Say it once again: China’s education market is huge and is moving online. While local startups are building online education services by modeling western ones or improving the must-criticized existing education system in China (they have raised so much money in the past half a year alone), local Internet giants are building platforms to accommodate all of them.
Alibaba — Taobao Classmates
Tabao’s ultimate goal is to have every business to sell products, physical or virtual, on its online marketplace. Nobody would feel surprised at the launch of a marketplace for selling online courses or offline events recently but wonder what took it so long.
It is reported that the sales of education-related products on Taobao before the launch of Taobao Classmates was one billion yuan (about $160 mn) in the first half of 2013.

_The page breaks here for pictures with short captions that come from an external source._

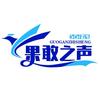 果敢之声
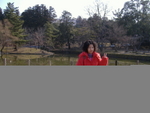 DSCF0203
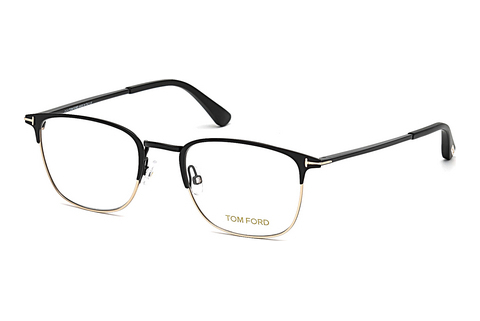 Γυαλιά Tom Ford FT5453 002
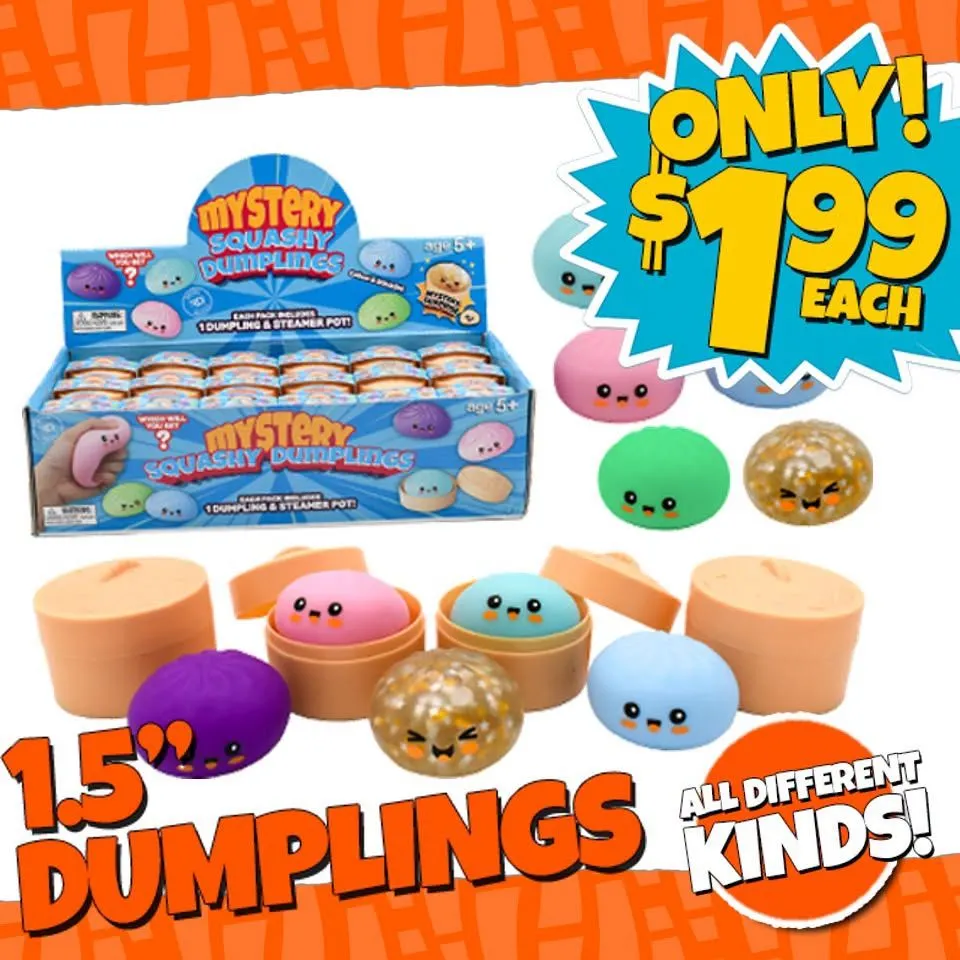 Weekly ad Big Lots — 2026-07-23 from July 23 to August 7 2026 - Page 4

Different from other Taobao markets, Taobao Classmates enables video playback and live streaming. As setting up and operating a Classmates store is in the same way with that for all other Taobao stores, it’s safe to say Taobao wouldn’t directly charge store owners. Nevertheless, Taobao will be able to make revenues from paid searches, display advertising, virtual furniture or tools for stores, or transaction-based commissions charged by Alipay.

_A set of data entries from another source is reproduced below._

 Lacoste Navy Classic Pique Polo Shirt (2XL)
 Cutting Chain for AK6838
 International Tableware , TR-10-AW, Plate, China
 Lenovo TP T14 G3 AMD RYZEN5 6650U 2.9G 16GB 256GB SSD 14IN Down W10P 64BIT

YY tries to expand its online rich-media interactive business from music show to other categories, talk show, game broadcasting, and education. It’s existing infrastructure is enough for teachers to give live classes, interact with students real-time through text and voice messages and take payments.
The music show business is a major revenue driver for YY that the company takes cuts of virtual item sales. Eric He, YY’s CFO, estimated YY Education could generate revenues in two years during Q2 2013 earnings conference call. His pointed out that YY Music started monetization in 2011 and accounted for 30% of the company’s total revenues in 2012.
William Ding, CEO of NetEase, has been bullish on online education. His company, with over 90% of the total revenues from online games though, tapped into online education as early as in 2010 with a launch of Open Courses program which provides educational videos for free. It licensed recorded video courses from US universities and hired translators to add Chinese subtitles. Coursera’s courses for users in China are hosted by Netease.
In late 2012 the company launched Cloud Class, a platform for users to take online classes and literally study there. Youdao Dictionary, an digital dictionary under Netease, also has a feature for Chinese users to learn foreign languages.
Baidu launched a separate search service for education in the past July. Not only does it return online course results but also the offline classes. Like always, search services must benefit from the educational revolution that is brewing in China in terms of advertising revenues.
91, one of the leading app distributors in China that is acquired by Baidu, has built a platform, 91UP, for educational apps and online courses.